Apa Itu Rezeki?

Suasana sawah dan perkebunan di pedesaan. [foto: flickr.com]
REZEKI itu ialah apa yang dapat dimanfaatkan manusia, apakah halal atau haram, baik atau buruk.
Semua yang tidak Anda manfaatkan, meskipun Anda memilikinya, ia bukan rezeki Anda, akan tetapi rezeki orang lain.
Ada perbedaan antara hasil usaha dan rezeki seseorang atau antara kerja dan rezekinya. Kita tidak boleh mengatakan, bahwa hasil usaha seorang adalah rezekinya, atau menyatakan: “Apa yang diperoleh (hasil kerja) orang itu terdapat rezekinya, rezeki istri, dan sanak keluarganya, bahkan bisa jadi rezeki orang lain juga, yang dia sendiri tidak mengetahuinya. Masing-masing akan dicapai oleh rezekinya dengan tepat tanpa kurang sedikit pun.”

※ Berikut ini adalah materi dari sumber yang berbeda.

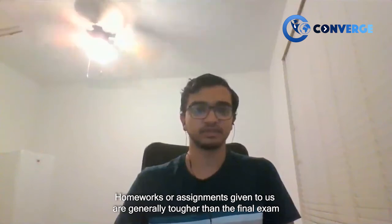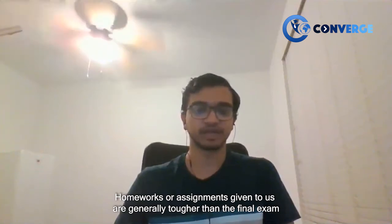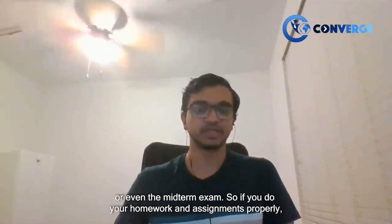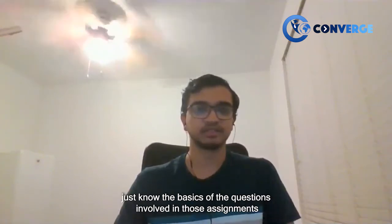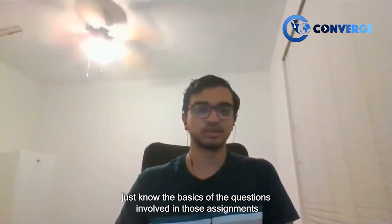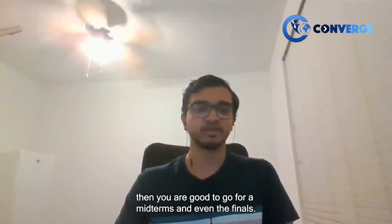Homework and assignments given to us are generally tougher than the final exam or even the midterm. So if you do your homework and assignments properly and know the basics of the questions involved, you are good to go for your midterms and finals.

Kadangkala kita heran sekali melihat cara sampainya rezeki itu kepada manusia. Tidak seorang pun mengetahui sumber rezeki itu.
Adakalanya orang itu pergi mencari rezeki ke berbagai tempat, tapi ia tidak mendapatkan apa-apa. Namun rezeki itu senantiasa mengetahui alamat pemiliknya, dan memahami jalan-jalan ke sana, malah tidak pernah sesat jalan sedikit pun. Karena itu ditentukan oleh yang di langit, ditakdirkan oleh Allah Ta’ala. Selama ia ditakdirkan, pasti ia akan sampai ke alamat pemiliknya.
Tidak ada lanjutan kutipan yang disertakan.